Work to be completed:
Look in the material below for the line holding "Oikiture 7 Chest". Set it down exactly, with each later line up to and including the line holding "简约圆领轻薄绗缝女棉服显瘦".

Materials provided:
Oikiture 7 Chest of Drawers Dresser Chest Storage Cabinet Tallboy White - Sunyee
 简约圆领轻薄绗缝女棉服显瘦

...

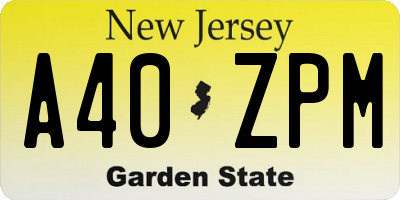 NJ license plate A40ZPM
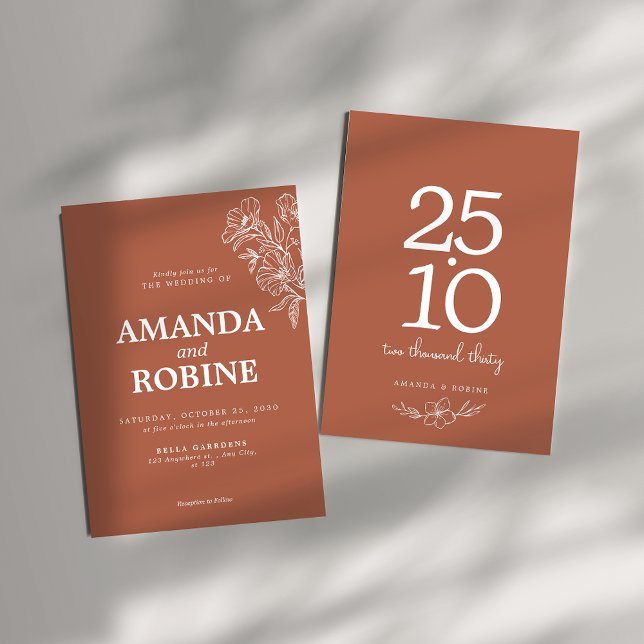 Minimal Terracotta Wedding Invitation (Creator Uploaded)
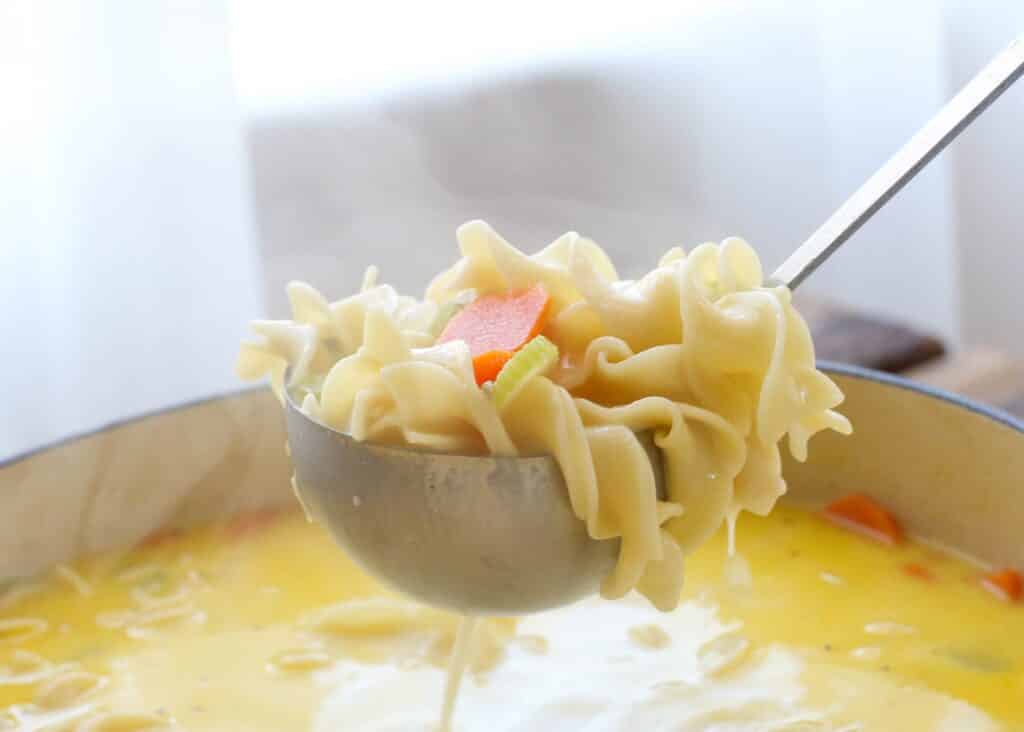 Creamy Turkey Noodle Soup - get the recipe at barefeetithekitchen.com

* * *

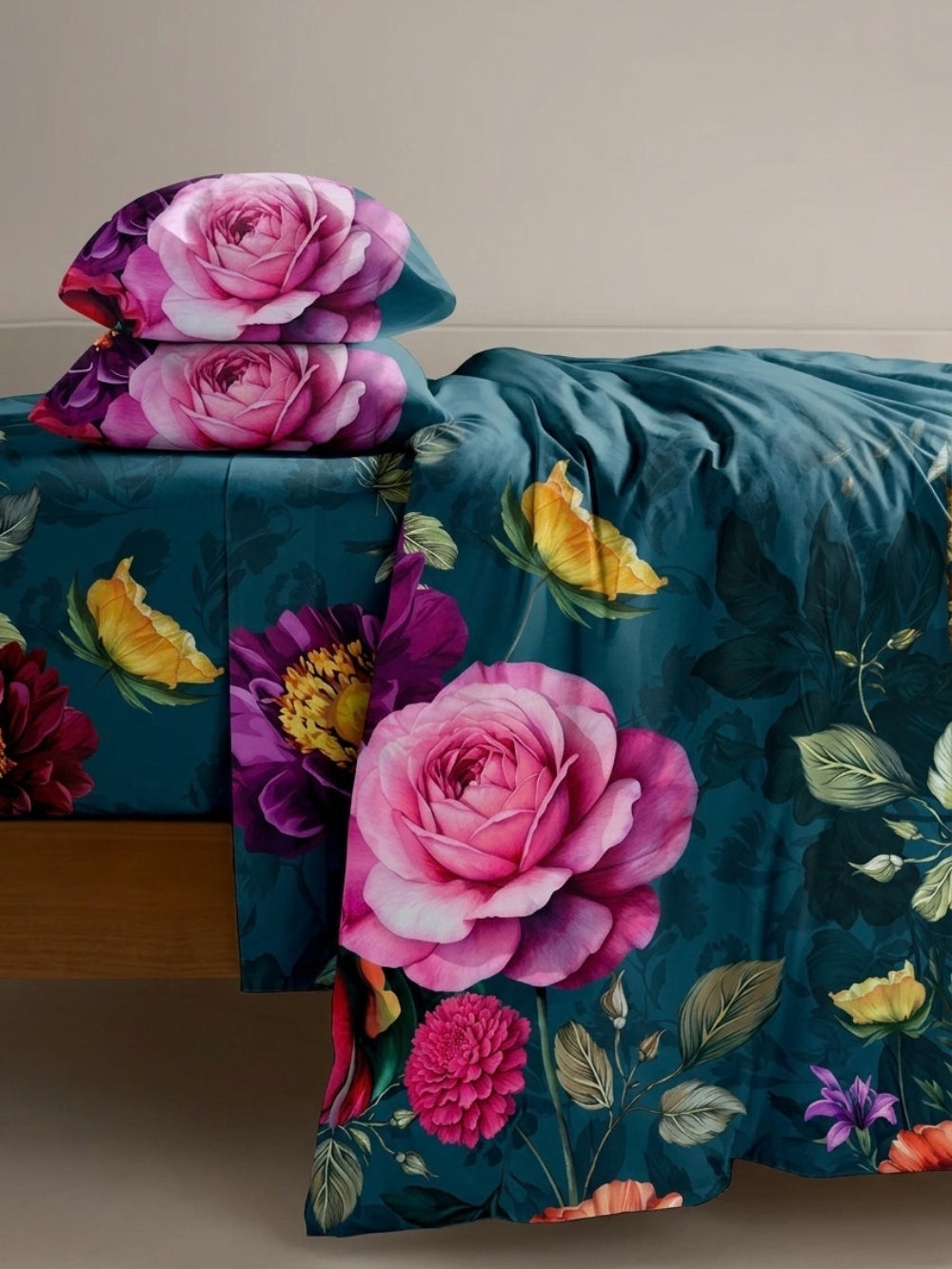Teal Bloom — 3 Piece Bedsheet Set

Finished exercise:
Oikiture 7 Chest of Drawers Dresser Chest Storage Cabinet Tallboy White - Sunyee
 简约圆领轻薄绗缝女棉服显瘦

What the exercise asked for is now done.